Tensions over privacy surfaced at the opening of House- Senate negotiations on financial reform.

Sen. Richard C. Shelby, R-Ala., broke ranks this week with Senate Banking Committee Chairman Phil Gramm and called consumer privacy protections an "integral part" of the bill. Recent industry behavior-such as letting telemarketers debit accounts without customer knowledge-demands a strong reaction, he said.

"If these are the kinds of abuses that are happening today, what will happen when we let these financial conglomerates run wild in this brave new world of modernization?" Sen. Shelby said. "If the responsibility of this conference committee is to set the game rules for the 21st century, so too is it our responsibility to identify what is 'out of bounds.'"

Senate Banking's No. 2 Republican previously disagreed with Sen. Gramm over which powers should be extended to direct bank subsidiaries. But the two are allied against the Community Reinvestment Act, indicating how complex the politics of these negotiations are likely to be as they go behind closed doors for the next months.

Sen. Shelby's comments "got the attention of more people in the conference room ... than any other remarks of the day," said John H. Hanley, a lobbyist for the Independent Community Bankers of America.

Sen. Gramm strongly urged lawmakers to exclude the House bill's requirement that customers be able to block information-sharing with third- party marketers and other privacy protections not found in the Senate bill.

"It is too important to be a rider on this bill," he said. "This ought to be dealt with separately."

But Rep. John J. LaFalce, the ranking Democrat on the House Banking Committee, warned that the privacy provisions in the House bill are essential to enactment.

"We worked hard to reach a reasonable consensus with affected industries on this issue," Rep. LaFalce said. "If any industry representatives who indicated their support now try to strip the provisions, they are not welcome in my office."

With Congress set to go on recess next week, financial reform is expected to enter an inactive period until September. House Banking Committee Chairman Jim Leach recommended that legislative staffers work during the break on resolving smaller issues, but observers say that the obstacles to enactment can only be decided by top lawmakers.

"It would be hard for the staffs to resolve major issues," said Edward L. Yingling, chief lobbyist for the American Bankers Association. Until breakthroughs are made on the principal sticking points, this could be a long process that goes well into the fall."

Others are predicting it could take longer. "Odds are this bill is going to go into next year," said Bert Ely, a financial services consultant based in Alexandria, Va.

Commercial bank lobbyists rejected Sen. Gramm's proposed compromise on unitary thrifts, but America's Community Bankers, the thrift trade group, called the proposal "a very positive suggestion."

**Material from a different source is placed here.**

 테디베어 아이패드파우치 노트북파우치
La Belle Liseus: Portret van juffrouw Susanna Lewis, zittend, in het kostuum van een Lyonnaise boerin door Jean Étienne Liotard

The Senate bill would bar commercial companies from buying these thrifts, but Sen. Gramm said Tuesday that the Senate might accept the House provision with a major exception. The Federal Deposit Insurance Corp., not the Federal Reserve Board, should decide whether commercial firms could buy unitaries, he said.

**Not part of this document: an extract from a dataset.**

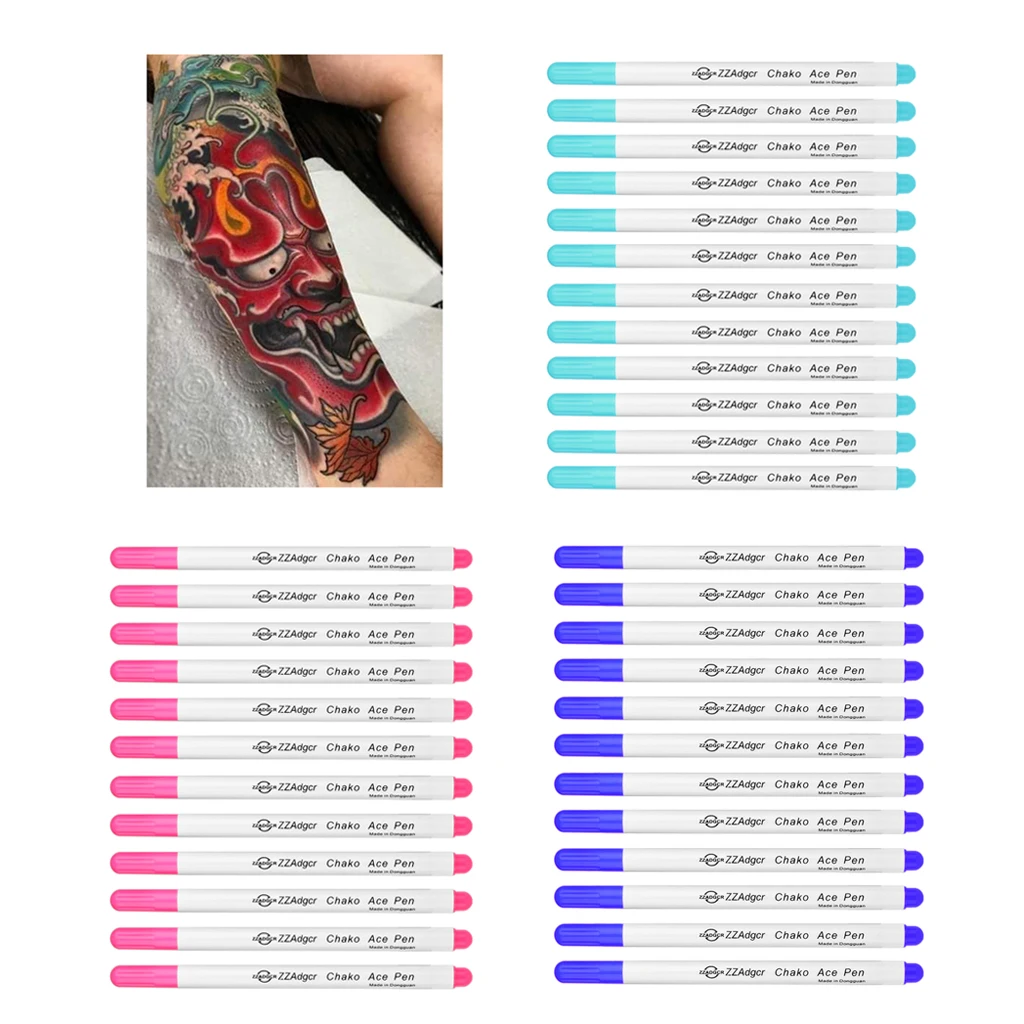 12Pcs Tattoo / Piercing Skin Marking Pen Marker For Custom DIY Design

"We are extremely disappointed by what Sen. Gramm had to say and would oppose any such solution," Mr. Hanley said, predicting that most Senate conferees would oppose Sen. Gramm on this proposal. "To move it to the FDIC further dilutes an already unworkable plan."

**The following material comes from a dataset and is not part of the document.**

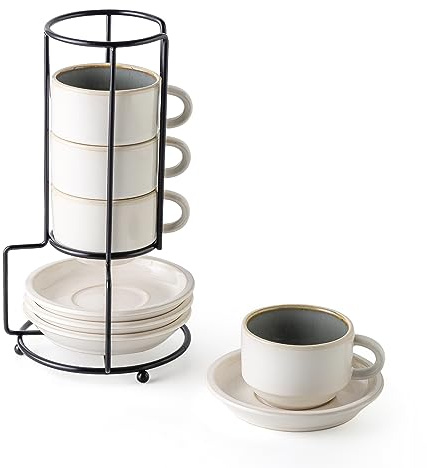 JIEMEI HOME Porcelain Stackable Espresso Cups with Saucers and Metal Stand, 4 Ounce Demitasse Cups for Specialty Coffee Drinks, Cafe Mocha Tea-Set of 4, Stackable Espresso Mugs, White & Green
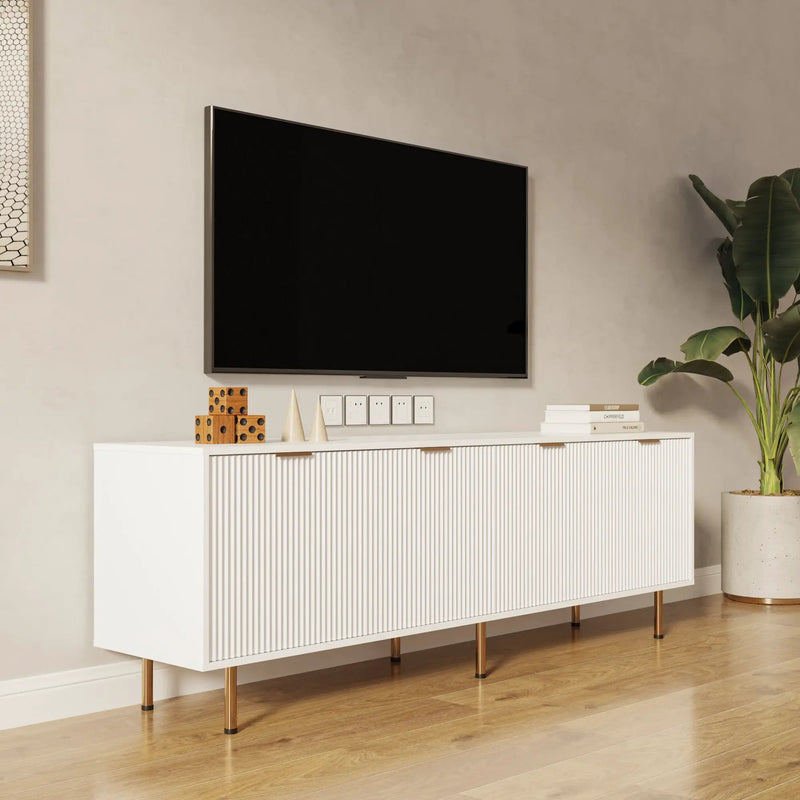 Modern Warm White TV Cabinet by HouseOfZazla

Mr. Yingling said he detected in Sen. Gramm's comments room for compromise on community reinvestment requirements.

Sen. Gramm played down the differences between the House bill's extension of CRA and the Senate bill's partial rollback, expressing hope for consensus. And he highlighted the least controversial provision: a requirement that banks disclose any payments made to community groups as part of CRA commitments.

The disclosure mandate could be the core of a settlement on CRA, Mr. Yingling said, possibly in exchange for a weakening of penalties for banks whose CRA ratings drop below "satisfactory" after they merge with insurance or securities companies.

Also at the conferees' meeting, Sen. Gramm raised a procedural objection. He noted that because House Banking's Democrats have different individuals negotiating separate parts of the bill, Democrats outnumber Republicans on the conference overall. Rep. Leach said multiple Democrats are sharing single committee slots, meaning they get no voting advantage. House and Senate parliamentarians plan to discuss the issue.